Real-time global warming monitoring

The Climate Clock is a way to visualize and measure progress towards our global climate goals. The date approaches in time when emissions rise or moves further back when they decrease. Each year, we’ve updated the clock to reflect the latest global data, as well as our best scientific understanding of what level of emissions is needed to limit warming to 1.5C.

This year’s watch reset uses three updated datasets. First, new estimates of global temperature rise from the sixth assessment report of the Intergovernmental Panel on Climate Change (IPCC) show that human greenhouse gas emissions are responsible for nearly all of the observed warming of the climate system. We use the estimate of human-induced global warming from the global warming index, which in November 2021 reached 1.24 C above the average temperature 1850-1900.

Second, the Global Carbon Project predicts that global energy-related carbon dioxide emissions in 2021 will increase by 4.9% from 2020, after a decline of 5.4% between 2019 and 2020. past five years to project the global trend in carbon dioxide emissions from fossil fuels, assuming that additional carbon dioxide emissions from land use will remain constant at the average level of the past five years.

Data from 2016 to 2021 suggests that, in the absence of further policy action, global carbon dioxide emissions will continue to increase on average by 0.2 billion tonnes (about half a percentage point) per year.

Third, we use the latest estimate of remaining carbon balance. This represents the total amount of carbon dioxide emissions that we can still emit, without exceeding a particular global temperature target.

According to the IPCC’s latest estimate, the remaining carbon budget is 500 billion tons of carbon dioxide emissions from 2020 onwards. We will have emitted nearly 80 billion tonnes over the period 2020-21, leaving 420 billion tonnes of carbon dioxide emissions in the balance sheet after 2021. The year we issue the last of this remaining carbon balance is also expected to be the year when global temperatures reach 1.5 C.

The current emissions trend suggests that this moment is now only 10 years away.

Reducing global emissions can add time to the clock

When we updated the climate clock in 2020, the decrease in global emissions caused by COVID-related blockages was enough to add nearly a year to the clock. But now, in 2021, emissions are rising again and the time that was added earlier has been lost. This year’s annual update removed nine months from the countdown, which now marks 10 years and five months to reach 1.5C.

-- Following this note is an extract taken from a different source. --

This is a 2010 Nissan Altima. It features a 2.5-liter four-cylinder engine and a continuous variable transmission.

However, many things can happen in a decade. Each avoided emission of carbon dioxide is a unit of time that we can add to the watch. Decreases in other warming-causing greenhouse gases, such as methane or nitrous oxide, will also help extend the time line by 1.5 ° C, as the effects of these other gases are reflected in the remaining carbon balance estimate. .

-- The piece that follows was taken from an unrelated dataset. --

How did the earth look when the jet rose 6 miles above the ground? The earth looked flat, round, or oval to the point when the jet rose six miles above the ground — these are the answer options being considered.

If we can bring global carbon dioxide emissions to zero within the next two decades, we have a good chance of not reaching 1.5 ° C at all. Few countries, however, have adopted this level of ambition: Only a handful, including Uruguay, Finland, Iceland and Austria, have proposed zero net emissions commitments with a target year of 2040 or earlier.

Net-zero by 2040 is clearly a tall order, but it’s not too late to try. If we have learned one thing from the COVID-19 pandemic, it is that swift and far-reaching action in response to an acute threat can be successful in limiting the damage. Global climate change is a less acute but equally powerful global threat. If we can respond in kind, we will equally be able to limit the damage to current and future generations.

The Climate Clock was co-created with the musician and the author David Usher. H. Damon Matthews, Professor and Research Chair of Concordia University in Climate Sciences and Sustainability, Concordia University Other Glen Peters, Research Director, Center for International Climate and Environment Research – Oslo

This article is republished by The conversation under a Creative Commons license. Read the original article.